[Records from a collection]
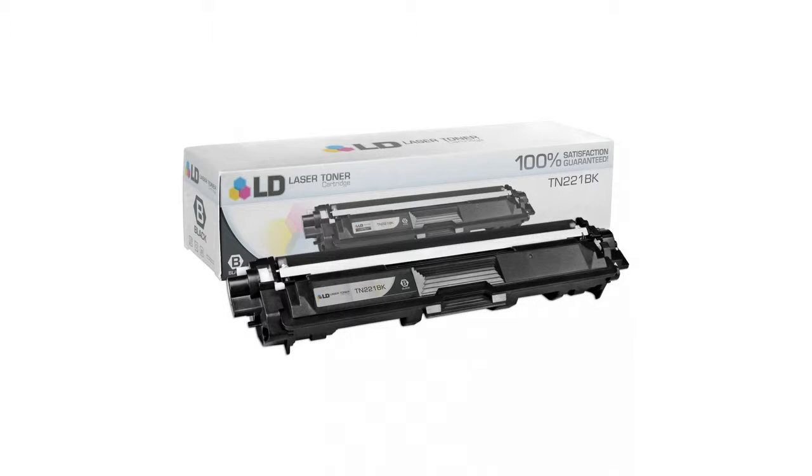LD offers compatible cartridges built with brand new parts. They print as many pages as the name brand cartridges, and they offer a two-year customer satisfaction guarantee, so it's risk free. To find out more, please click here.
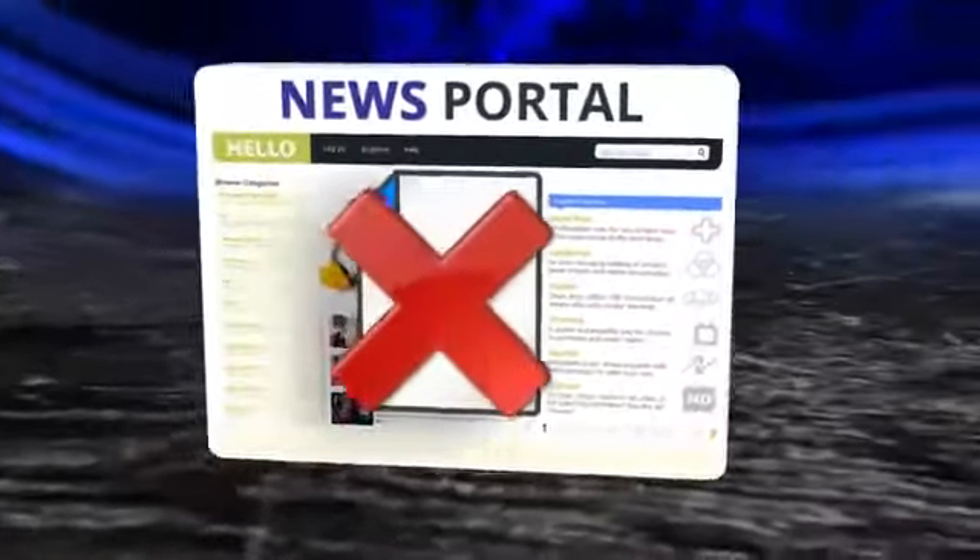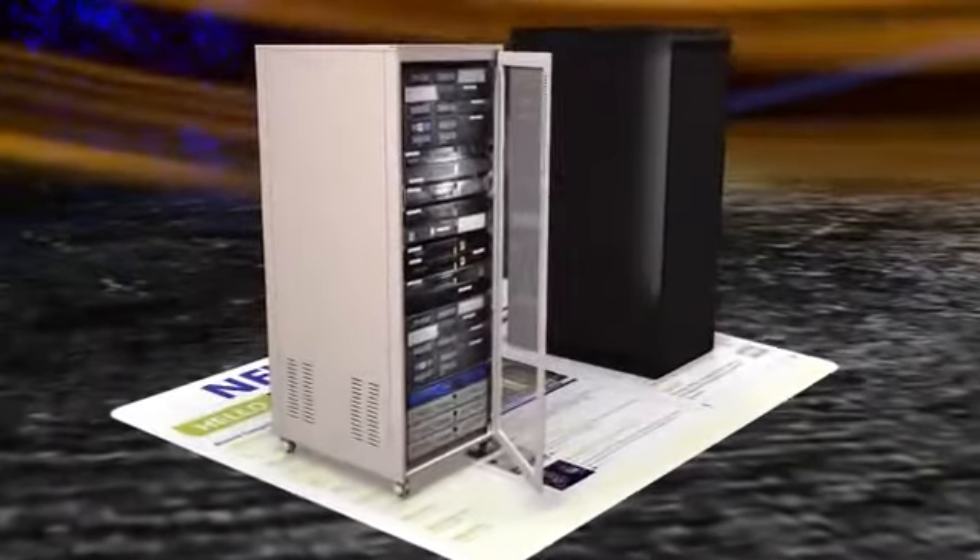For complete security, our cutting-edge ZFS file system offers protection against data corruption that no ordinary web servers are immune to.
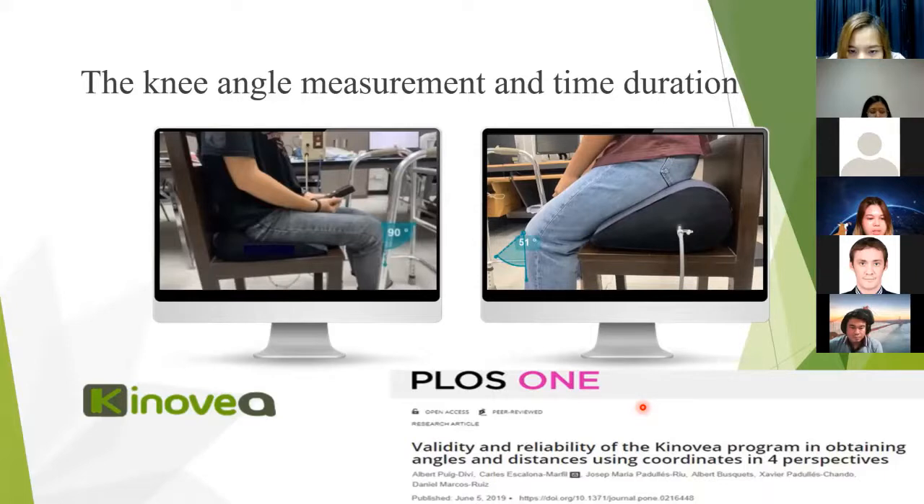The Kinovea software was used to measure the knee angle to verify the biomechanical phase at the beginning and end of using the prototype device. The start point is the inflation phase. The end point is when the air pump stops because the pressure reached the maximum. We tested the sit-to-stand only for the standing-up direction. The duration depended on the subject's weight.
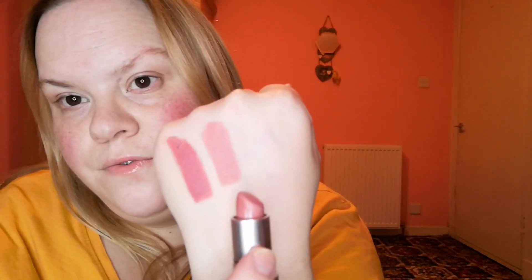And then we have got Faux, which is a satin. Again, another neutral tone. So that one there is Faux — F-A-U-X. Is that faux? Is that how you say it? That is stunning as well, I need to wear that one more often.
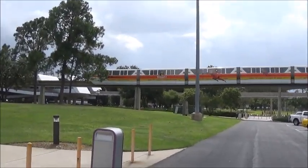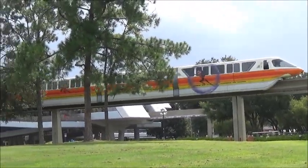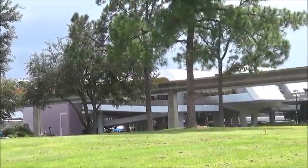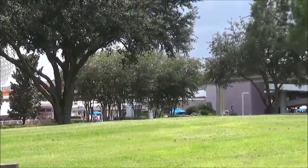Hey, they have a cool Incredibles 2 paint job on the monorail. Awesome! A little really brief video, but I might show that to you guys.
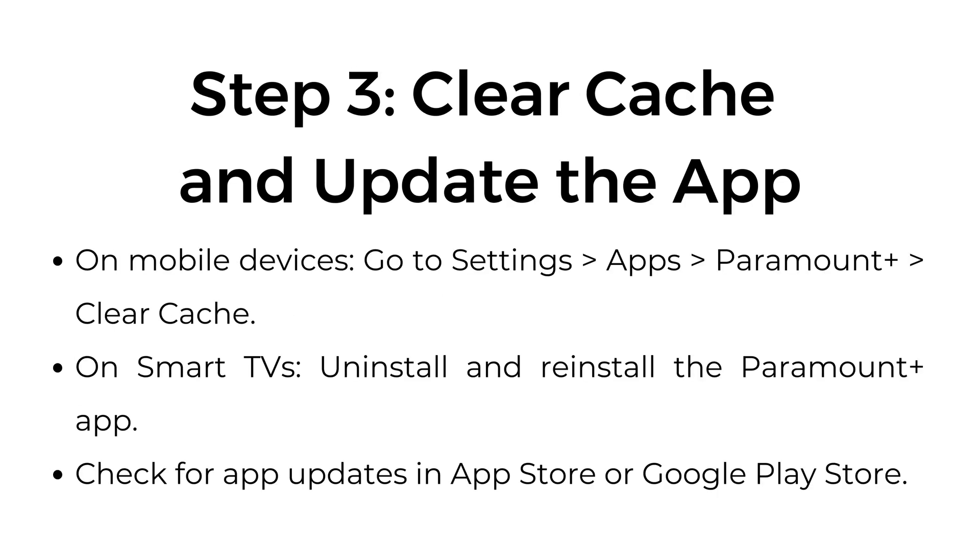Step 3: Clear cache and update the app. On mobile devices, go to Settings > Apps > Paramount Plus > Clear Cache. On smart TVs, uninstall and reinstall the Paramount Plus app. Check for app updates in the App Store or Google Play Store.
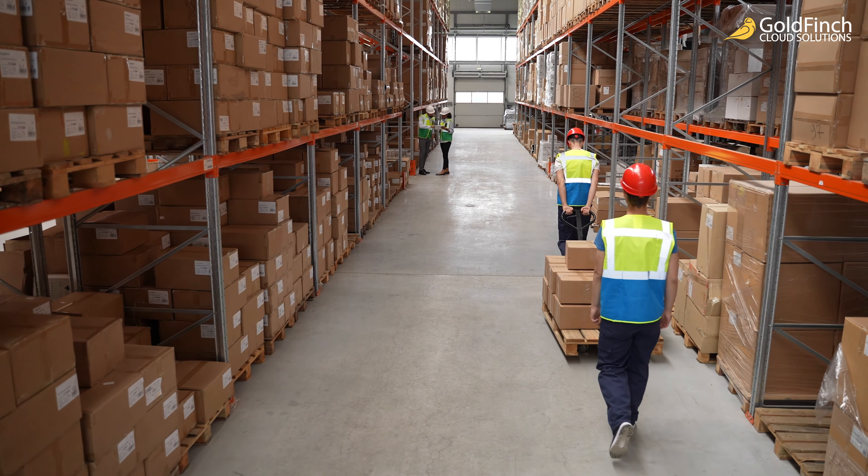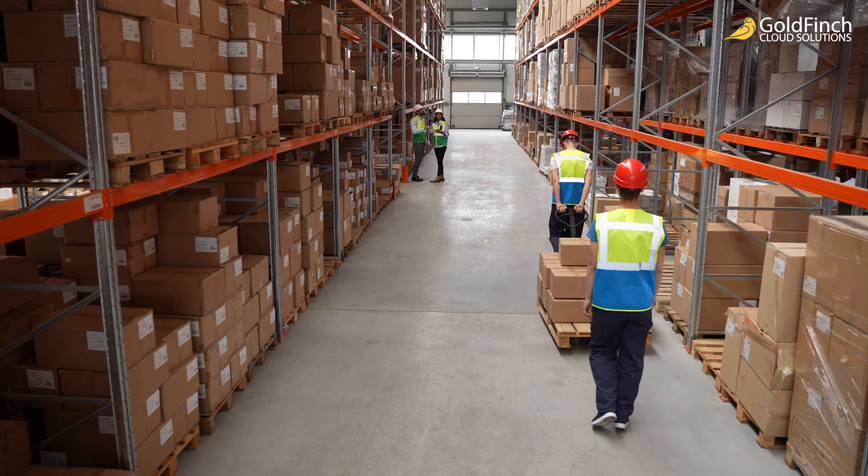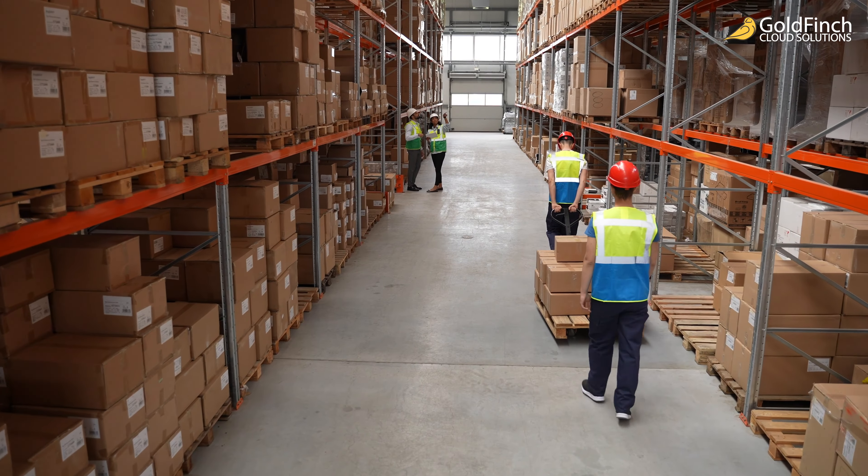ERPs tailored for wholesale distributors provide the necessary tools to keep track of inventory levels and plan for reloads. Since the information is in one database, managing inventory is more manageable regardless of the location. You'll find it easier to forecast demand and improve procurement functions.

Exercise → Print exactly the lines from the first line of the records above through the line containing "For complete security, our", leaving out the pictures.

Response area →
LD offers compatible cartridges built with brand new parts. They print as many pages as the name brand cartridges, and they offer a two-year customer satisfaction guarantee, so it's risk free. To find out more, please click here.
For complete security, our cutting-edge ZFS file system offers protection against data corruption that no ordinary web servers are immune to.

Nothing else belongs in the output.